Deep Residual Learning for Image Recognition
October 28, 2025 | 422 words | 2min read
Paper Title: Deep Residual Learning for Image Recognition
Link to Paper: https://arxiv.org/abs/1512.03385
Date: 10. Dec. 2015
Paper Type: Architecture, Learning Techniques, Deep Learning
Short Abstract: Deeper networks are harder to train than shallower networks. In this paper, the authors introduce the technique of adding residual connections to the network, which drastically improves the performance of deeper networks.
1. Introduction
Deep neural networks — that is, networks with many layers — have been used in many breakthroughs in machine learning. This raises the question: Is learning better networks as easy as stacking more layers?
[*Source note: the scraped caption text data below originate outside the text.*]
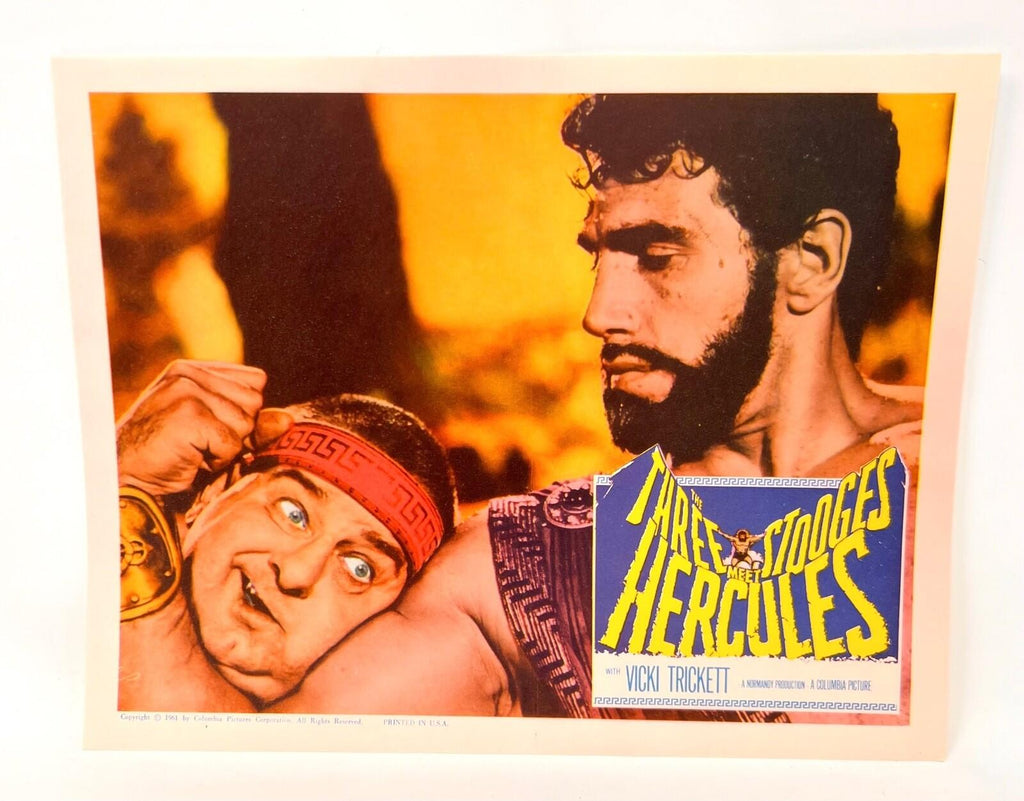 The Three Stooges Meet Hercules Original Movie Lobby Card (b)
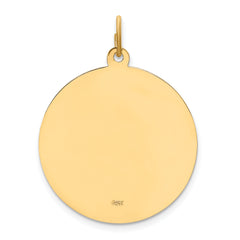 14k Solid Polished/Satin Large Round St. Joseph Medal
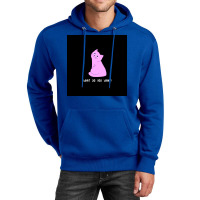 Cat Serious Looking Kitten Pink Deferent Cute Poster Retro (1) Unisex Hoodie | Artistshot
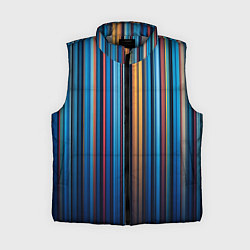 Женский жилет Композиция из вертикальных линий, цвет: 3D-светло-серый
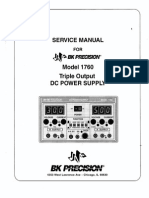 BK_Precision 1760 Service manual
One problem that arises when stacking more layers is that of vanishing and exploding gradients, but this can be more or less solved by techniques such as batch normalization and normalization layers.
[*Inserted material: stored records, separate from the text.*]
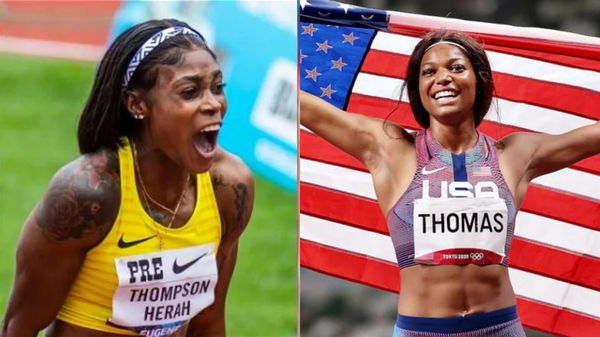 Elaine Thompson-Herah, Gabrielle (Gabby) Thomas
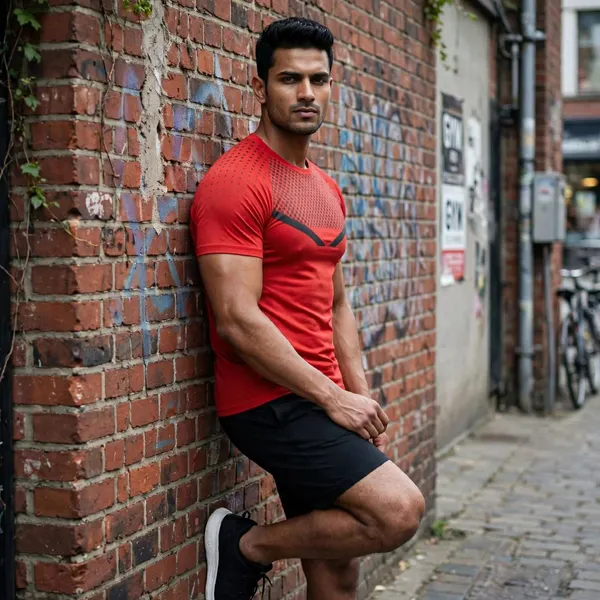 Red_Athletic_Fit_Sports_T-Shirt_for_Men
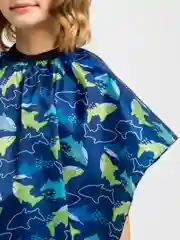 Синий пеньюар парикмахерский для стрижки детский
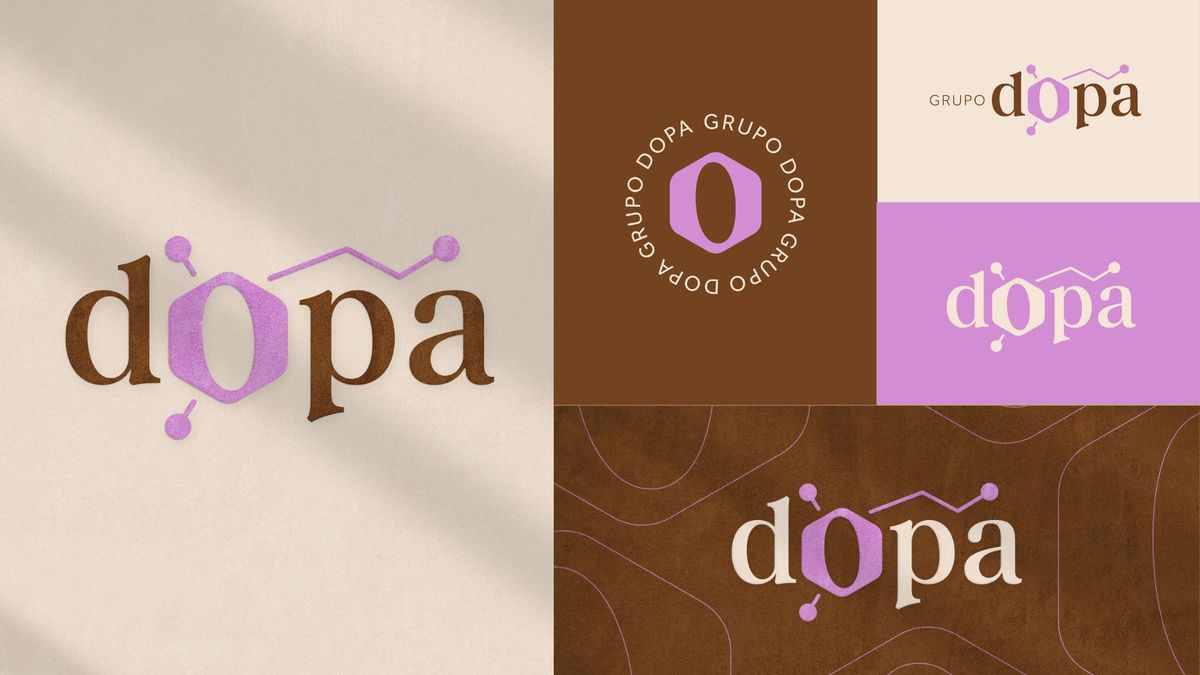 Grupo Dopa &mdash; logo versions and monogram seal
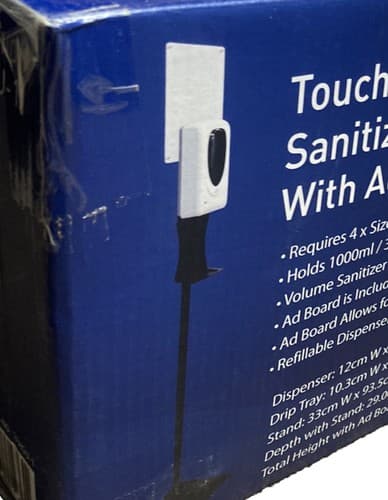 Soap Dispenser Automatic Hands-Free Floor Stand Advertisement Board Sealed - Thumbnail 4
Another problem when stacking more layers is that of degradation: with ever-increasing depth, the accuracy becomes saturated, and the network no longer improves.

If we have a shallower network that provides better accuracy than a deeper one, and we add layers to the shallow network that are identity functions, then the deeper network should never produce a higher training error than the shallower one.
But apparently, current optimizers seem unable to find this solution. Hence, the authors propose adding deep residual connections between layers.

These shortcut connections can be realized simply by performing identity mapping, and their outputs are added to the output of the stacked layers. More formally:
$$ y = F(x, W) + x $$2. Deep Residual Learning
The idea is that instead of expecting the stacked layers to approximate the function \(H(x)\), which represents the underlying mapping of several stacked layers, they let the stacked layers approximate the residual function:
$$ F(x) := H(x) - x $$This formulation is motivated by the degradation phenomenon, which suggests that deeper networks have difficulty approximating the identity function.
In reality, using the identity function is probably not the optimal state, but it provides good preconditioning from which the network can start: it begins with an identity mapping and then learns how to adjust it to fit the task.
A residual block is defined as:
$$ y = F(x, W) + x $$If the dimensions do not match, zero-padding can be used, or a linear projection can be performed:
$$ y = F(x, W) + W_s x $$3. Experiments
Experiments were done using ImageNet 2012. For the architecture of the network, 18-layer and 34-layer networks were used, both with and without residual connections.


4. Conclusion
Deep Residual Networks help deeper networks improve their convergence speed and overall performance.